▶ [Description of the task] The reply is to contain the full listing, repeated exactly, with pictures left out.

▶ [Provided data]
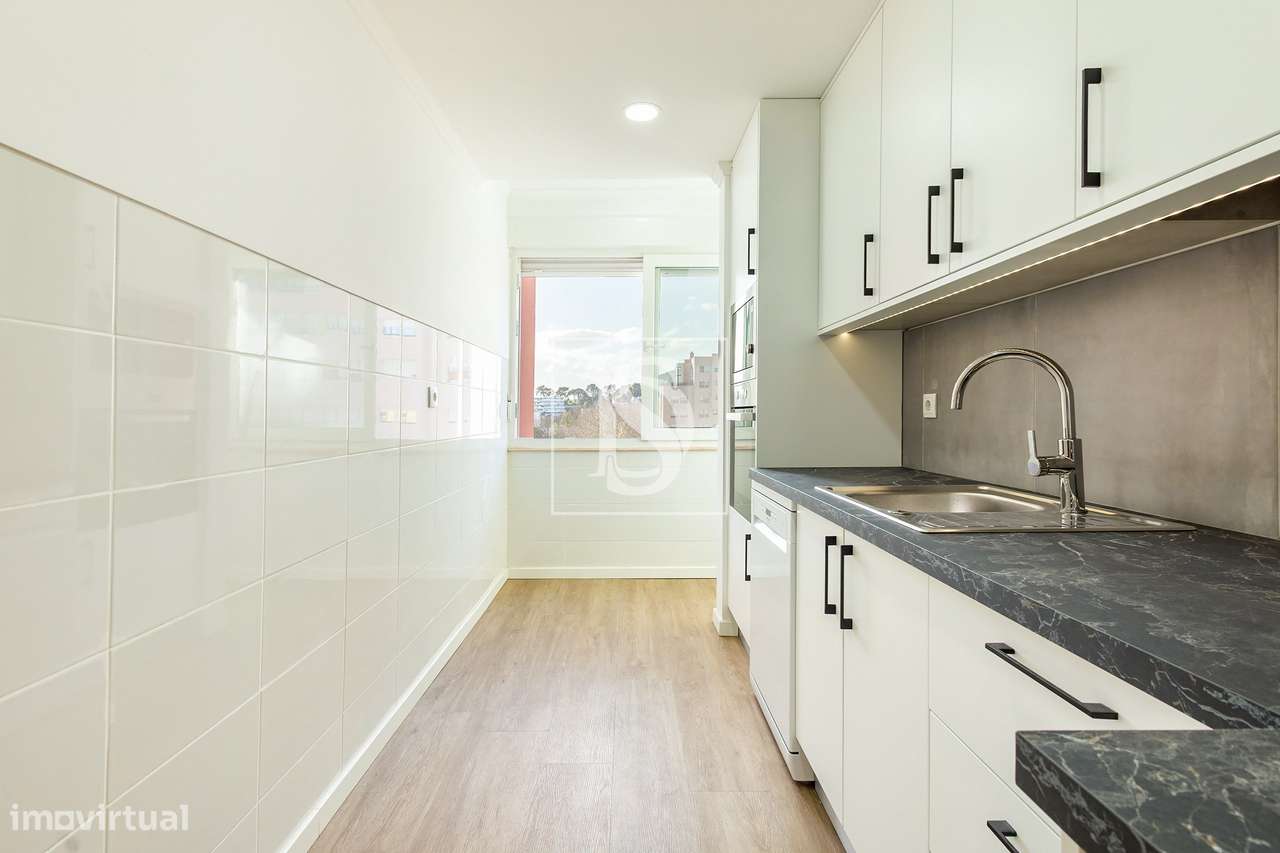 Apartamento T2 remodelado com sótão aproveitado | Av. Dr. António Rodr - Grande imagem: 5/15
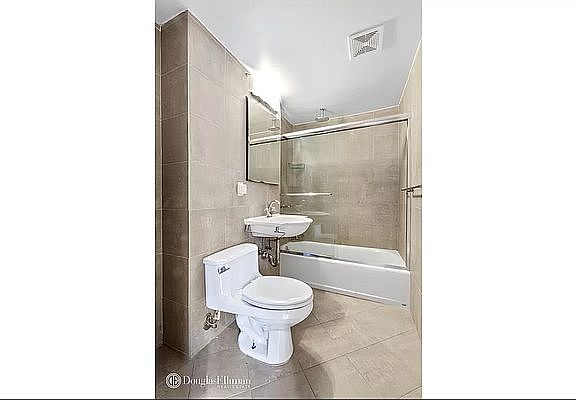 5th image of 220 E 57th St APT 21B
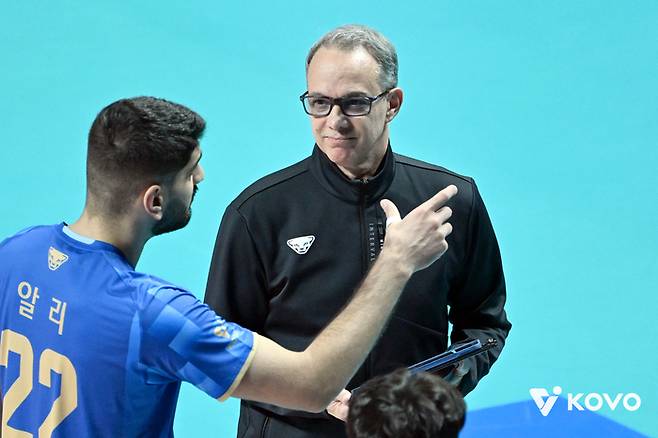 마우리시오 파에스(오른쪽) 감독. 사진 | 한국배구연맹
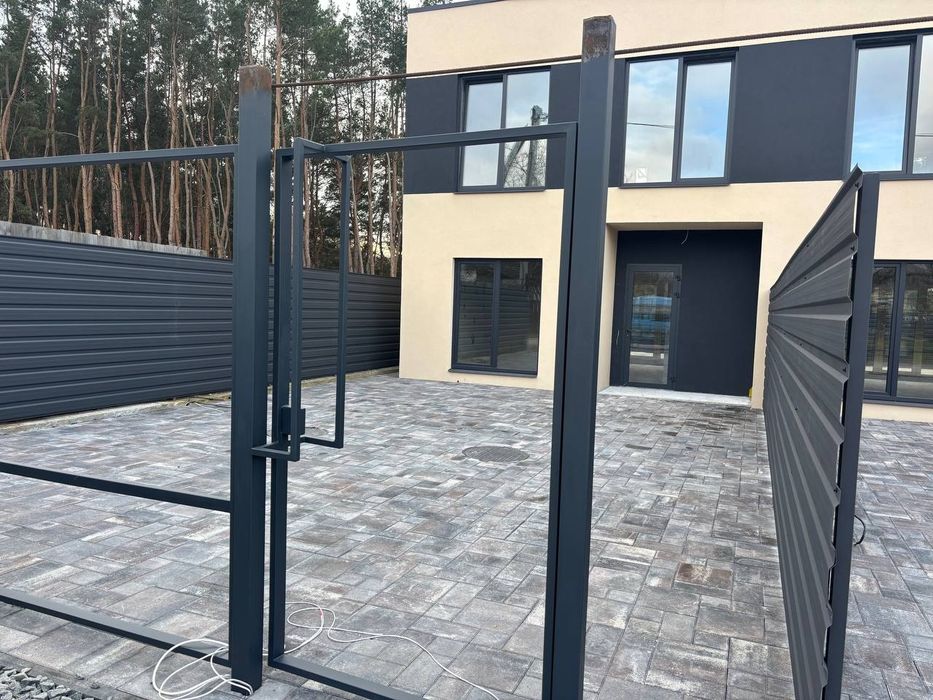 Продам Будинок м. Коростень Таунхаус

▶ [Exercise answer]
 Apartamento T2 remodelado com sótão aproveitado | Av. Dr. António Rodr - Grande imagem: 5/15
 5th image of 220 E 57th St APT 21B
 마우리시오 파에스(오른쪽) 감독. 사진 | 한국배구연맹
 Продам Будинок м. Коростень Таунхаус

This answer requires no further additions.